Introduction to Spark SQL in Python

4 hours duration

Learn how to manipulate data and create machine learning feature sets in Spark using SQL in Python.

Enhance your knowledge of Apache Spark with this comprehensive course on Spark SQL. Designed for individuals familiar with SQL and interested in leveraging the capabilities of Apache Spark, this four-hour course will take you through advanced SQL features, including window functions, to maximize the usefulness of Spark. Throughout four chapters, you will delve into various applications of Spark SQL. You will learn how to analyze time series data, extract common words from text documents, create feature sets from natural language text, and utilize logistic regression to predict the last word in a sentence. The course begins by guiding you through the creation and querying of an SQL table in Spark. You will also gain proficiency in using SQL window functions to perform running sums, running differences, and other operations.

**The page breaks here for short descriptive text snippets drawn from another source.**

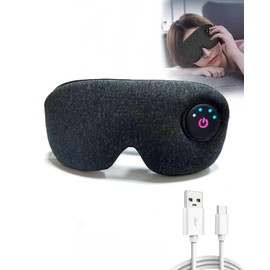 PJYU Wärmebrille Augenmaske Wärmend zur Linderung von Augenermüdung and Trockene Augen, Beheizbare Augenmaske mit Akku, 3 Temperatureinstellungen, Wiederaufladbar und Waschbar (Schwarz)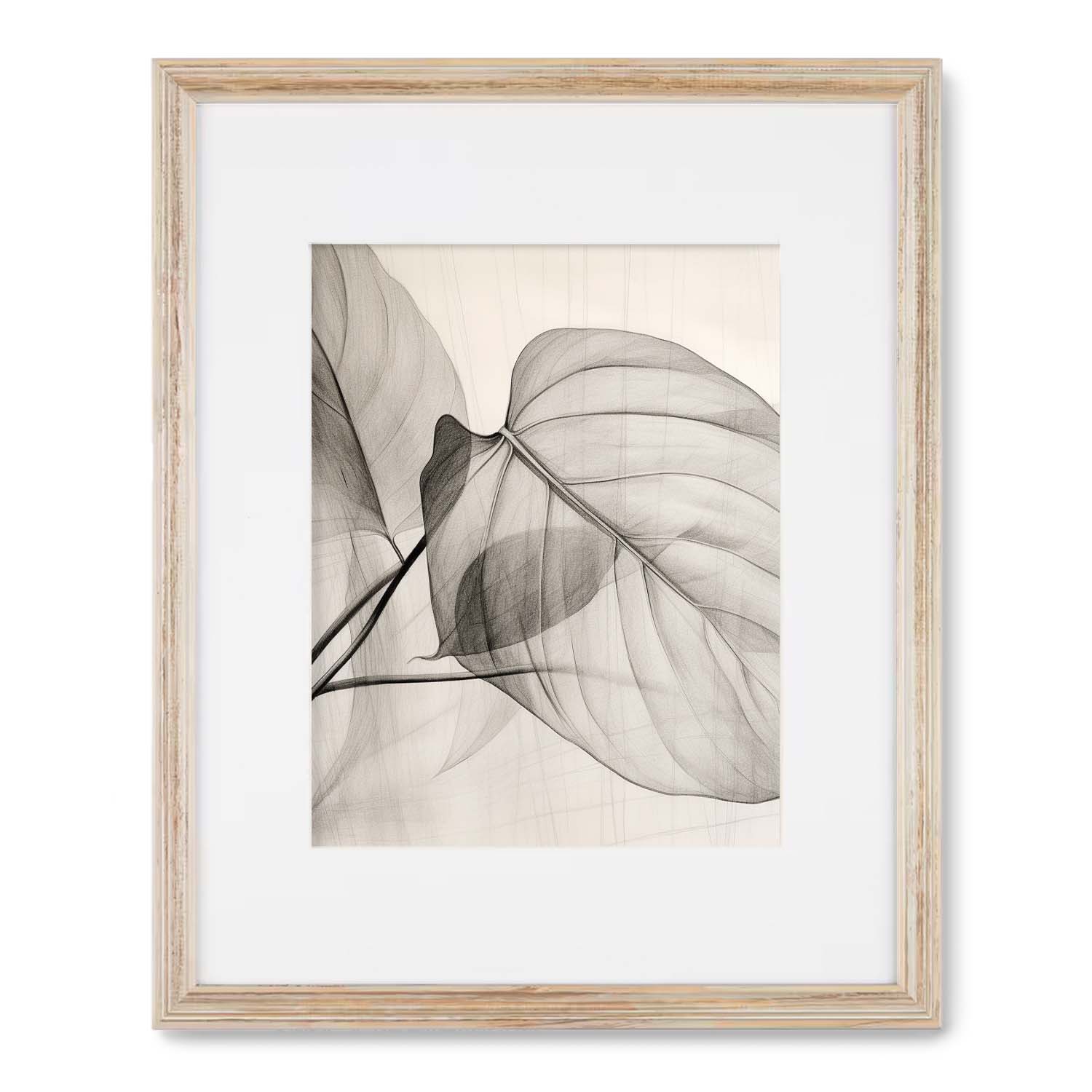 A black and white photo of Leaves elegantly displayed in a wood frame by Stannie & Lloyd.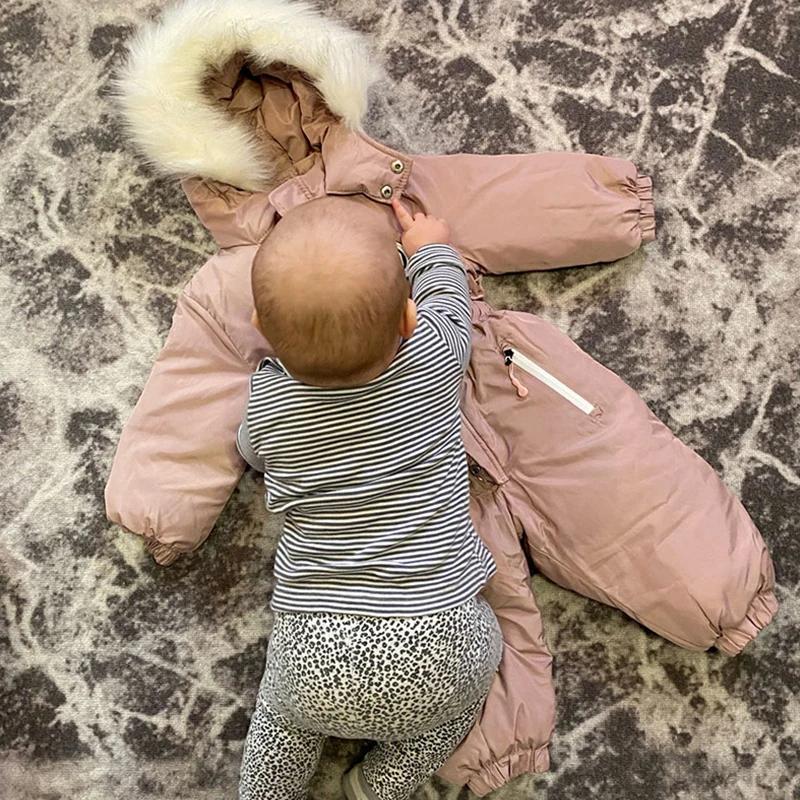 Combinaison de Ski chaude pour bébé, automne et hiver, salopette en velours pour garçons et filles, 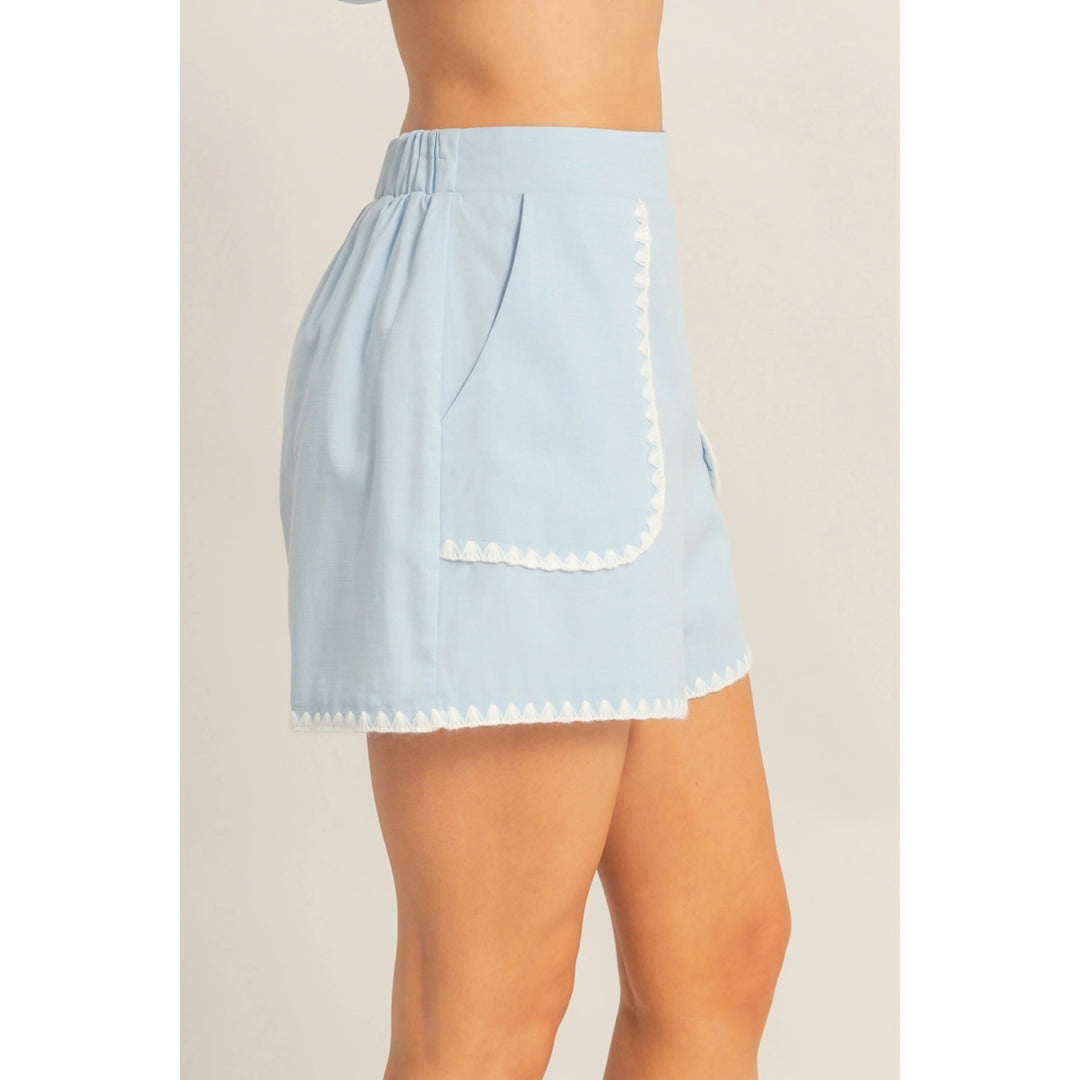SCALLOP TRIM HIGH-WAISTED SHORTS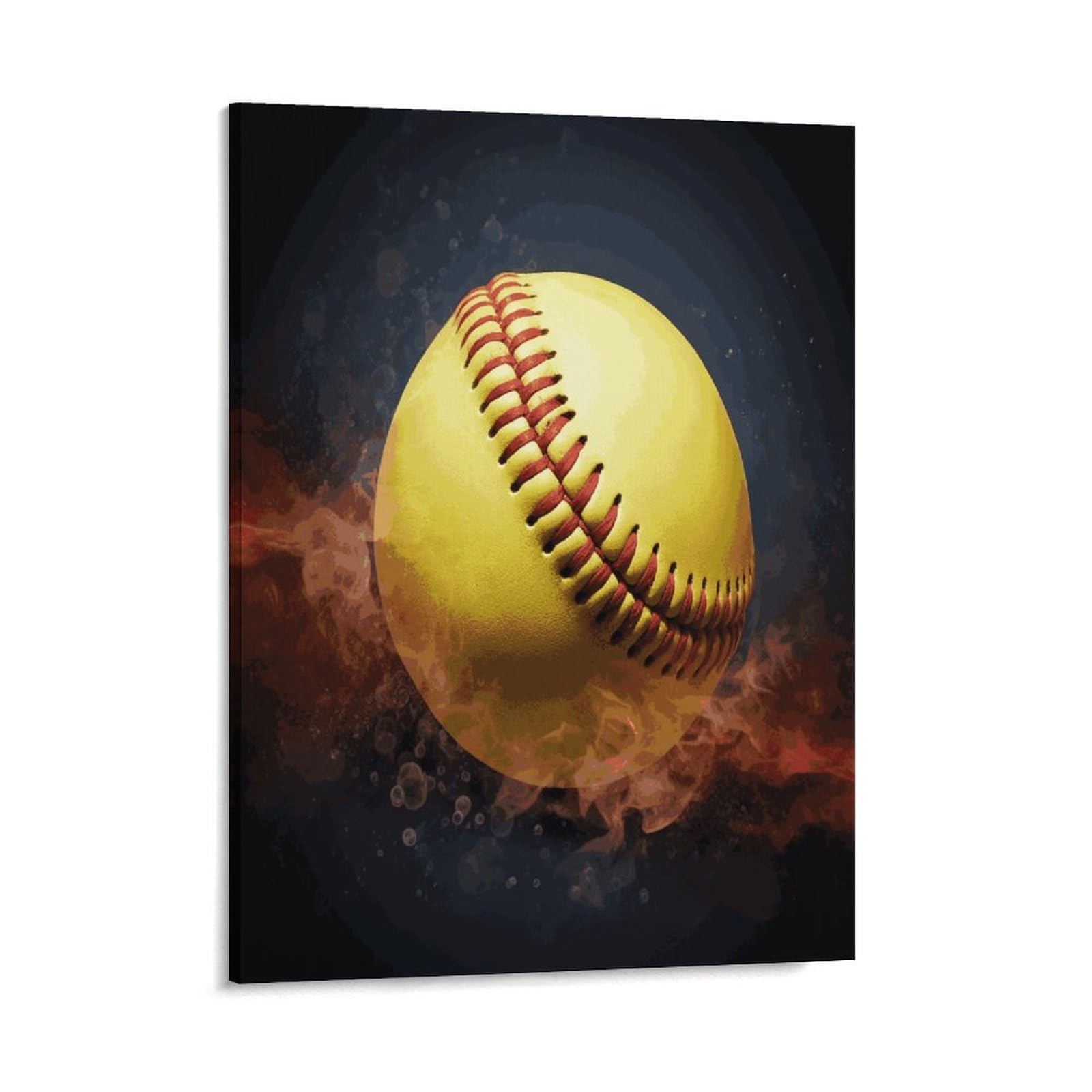 Adfgyerh Style Softball Wall Art Framed,Canvas Prints Ready To Hang Home Decor,Canvas Wall Art For Living Room Hallway Office Wall Decor 16X20inch(41X51cm)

Moving forward, you will explore the application of window functions in Spark SQL for natural language processing. This includes utilizing a moving window analysis to identify common word sequences. Chapter 3 focuses on optimizing performance by effectively caching DataFrames and SQL tables using the SQL Spark UI. Additionally, you will learn best practices for logging in Spark. Finally, you will apply all the skills acquired throughout the course to load and tokenize raw text, extracting word sequences. You will then employ logistic regression to classify the text, training a text classifier using raw natural language data. By the end of this course, you will have gained a comprehensive understanding of Spark SQL and its integration of distributed computing with the simplicity of Python and SQL.